TASK BRIEF: Beginning at the line that contains "Exterior, Facade, Queen Anne Victorian", reproduce the entries below exactly, ending with the line that contains "2023 IVECO S-Way As 530 image 23". Omit each picture.

PROVIDED DATA:
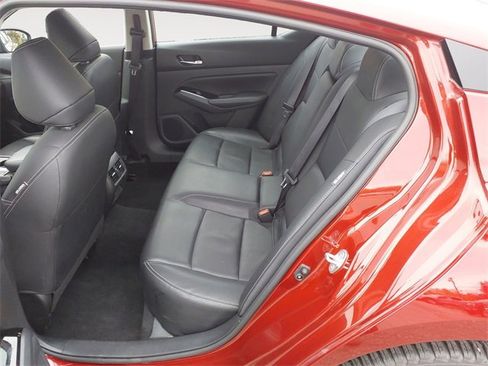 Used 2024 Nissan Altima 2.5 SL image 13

==

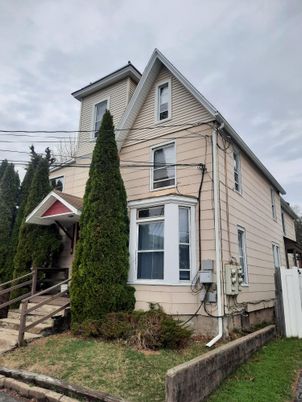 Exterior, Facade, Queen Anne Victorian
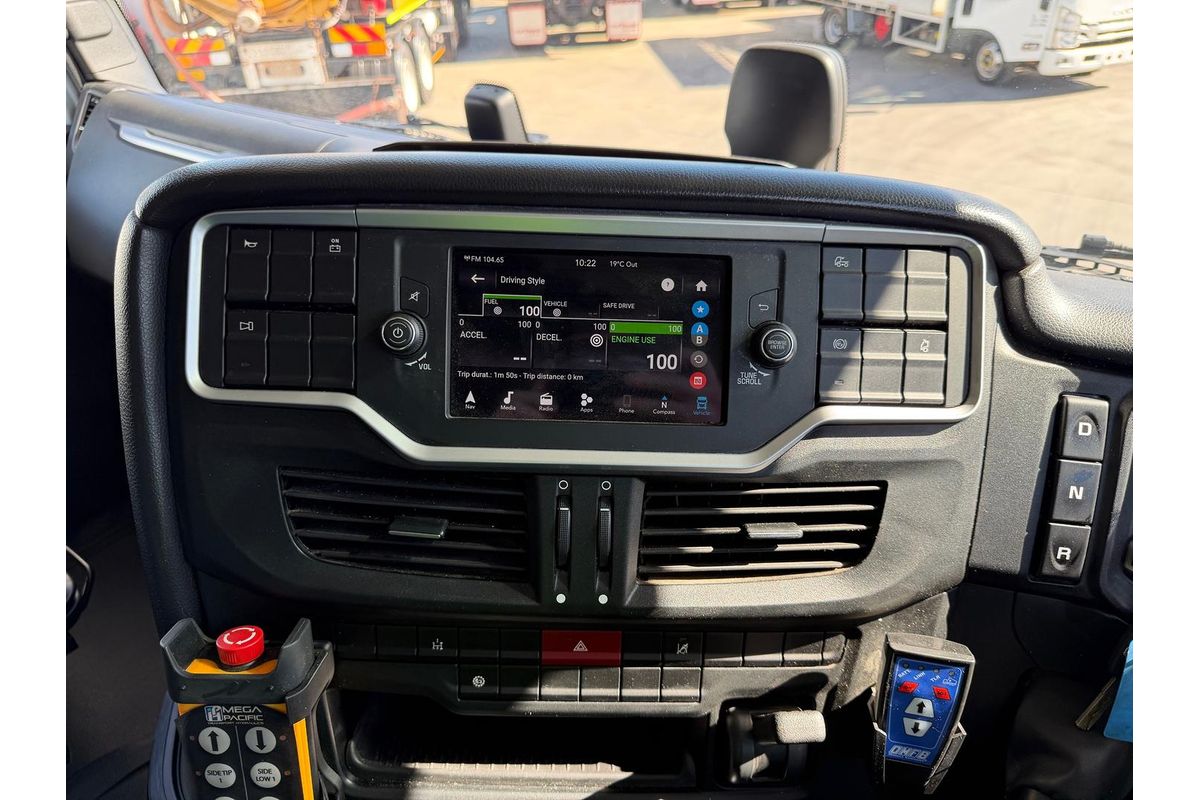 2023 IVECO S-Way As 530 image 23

TASK OUTPUT:
 Exterior, Facade, Queen Anne Victorian
 2023 IVECO S-Way As 530 image 23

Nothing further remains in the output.